家康の侍医を務めた板坂卜斎の『慶長年中卜斎記』によると「三成は、西丸の向かいの曲輪の屋敷へ参着」と書かれている。また『慶長見聞書』には「三成を女の乗り物に乗せ、佐竹義宣に同道させ、宇喜多秀家がいる備前嶋に行き、相談した。徳川家康に今回のことを申し入れ、伏見に赴く。秀家からは家老を付けられ、佐竹も同道し、伏見に行く。伏見の治部少輔屋敷は本丸の次、一段高い所にある」とある。
これらの史料が示しているのは、治部少輔・石田三成の避難先は、家康の屋敷ではなく、伏見の自分の屋敷であることだ。伏見城内の自らの屋敷に立て籠もった三成。
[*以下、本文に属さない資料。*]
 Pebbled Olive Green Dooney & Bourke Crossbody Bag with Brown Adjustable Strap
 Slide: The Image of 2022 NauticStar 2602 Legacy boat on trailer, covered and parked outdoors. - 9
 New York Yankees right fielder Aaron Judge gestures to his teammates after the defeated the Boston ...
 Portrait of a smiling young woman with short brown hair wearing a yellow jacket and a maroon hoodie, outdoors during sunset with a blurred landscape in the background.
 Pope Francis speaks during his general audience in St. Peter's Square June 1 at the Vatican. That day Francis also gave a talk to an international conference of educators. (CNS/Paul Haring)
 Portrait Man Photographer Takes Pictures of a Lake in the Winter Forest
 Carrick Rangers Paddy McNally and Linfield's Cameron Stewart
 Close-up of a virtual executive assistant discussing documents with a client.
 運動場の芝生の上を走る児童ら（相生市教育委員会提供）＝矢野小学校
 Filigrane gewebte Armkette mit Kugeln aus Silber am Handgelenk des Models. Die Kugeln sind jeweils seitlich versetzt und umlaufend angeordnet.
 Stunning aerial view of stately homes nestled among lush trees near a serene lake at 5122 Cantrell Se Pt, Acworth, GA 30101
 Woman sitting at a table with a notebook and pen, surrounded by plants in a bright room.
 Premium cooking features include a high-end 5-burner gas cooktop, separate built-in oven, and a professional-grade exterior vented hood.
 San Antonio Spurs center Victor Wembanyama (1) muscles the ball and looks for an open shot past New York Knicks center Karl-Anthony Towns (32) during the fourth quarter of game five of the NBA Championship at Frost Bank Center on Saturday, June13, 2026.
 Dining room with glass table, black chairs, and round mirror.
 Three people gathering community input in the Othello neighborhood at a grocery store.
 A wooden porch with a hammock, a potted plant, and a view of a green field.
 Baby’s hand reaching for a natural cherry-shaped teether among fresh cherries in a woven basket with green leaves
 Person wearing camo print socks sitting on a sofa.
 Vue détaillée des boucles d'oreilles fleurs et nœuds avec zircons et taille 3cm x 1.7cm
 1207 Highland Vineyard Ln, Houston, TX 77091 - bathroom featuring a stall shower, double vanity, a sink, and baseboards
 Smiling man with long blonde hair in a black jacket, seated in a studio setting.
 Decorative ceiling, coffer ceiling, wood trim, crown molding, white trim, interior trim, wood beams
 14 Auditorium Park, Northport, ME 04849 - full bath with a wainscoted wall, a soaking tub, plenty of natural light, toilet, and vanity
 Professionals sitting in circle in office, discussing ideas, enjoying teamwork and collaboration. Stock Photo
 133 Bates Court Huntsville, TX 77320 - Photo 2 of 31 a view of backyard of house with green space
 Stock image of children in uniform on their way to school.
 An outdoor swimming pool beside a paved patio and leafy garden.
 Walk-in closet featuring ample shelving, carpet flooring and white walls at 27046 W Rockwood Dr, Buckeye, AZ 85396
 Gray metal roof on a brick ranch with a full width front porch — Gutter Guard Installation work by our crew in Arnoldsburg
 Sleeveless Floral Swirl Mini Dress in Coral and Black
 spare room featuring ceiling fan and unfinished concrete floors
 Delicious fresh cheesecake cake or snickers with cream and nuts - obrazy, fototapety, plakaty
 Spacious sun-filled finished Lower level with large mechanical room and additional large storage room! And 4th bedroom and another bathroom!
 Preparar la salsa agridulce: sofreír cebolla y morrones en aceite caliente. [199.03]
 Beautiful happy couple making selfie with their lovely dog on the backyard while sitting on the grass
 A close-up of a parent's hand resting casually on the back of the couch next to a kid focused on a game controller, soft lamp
城内に入れない七将と睨み合うことになるが、家康はその調停に乗り出すことになる。
その結果、三成は居城・佐和山城(滋賀県彦根市)に引退、一方、三成を襲撃しようとした黒田長政・蜂須賀家政に対しては「朝鮮蔚山城での籠城戦のおり、追撃が弱く、敵との戦いを回避したという嫌疑を受け、秀吉から処罰されたことについて、新たに調査したこと、現地の目付衆が証言している通り、正当でない処分と思われるので、没収された領地については、還付すること」などが申し伝えられた(閏三月十九日)。
黒田長政・蜂須賀家政らの名誉が回復されたわけだ。これでは、彼らも矛を収めざるを得ない。この事件の解決には、家康の尽力もあったが、秀吉の正室・北政所の奔走もあったと言われている。
秀吉死後、毛利輝元と四奉行(石田三成・増田長盛・長束正家・前田玄以)を中心とするグループと、前田利家・浅野長政・宇喜多秀家を中心とするグループが形成され、家康(家康支持の大名は、例えば、池田輝政・黒田長政・福島正則・藤堂高虎ら)を牽制する動きがあったとされるが、七将による三成襲撃事件の背景には、そうした対立構造があったことが要因ともされる。
より大きく言えば、今回の事件は、毛利輝元を中心とするグループと、家康を中心とするグループの対立関係が顕在化したものとも言える。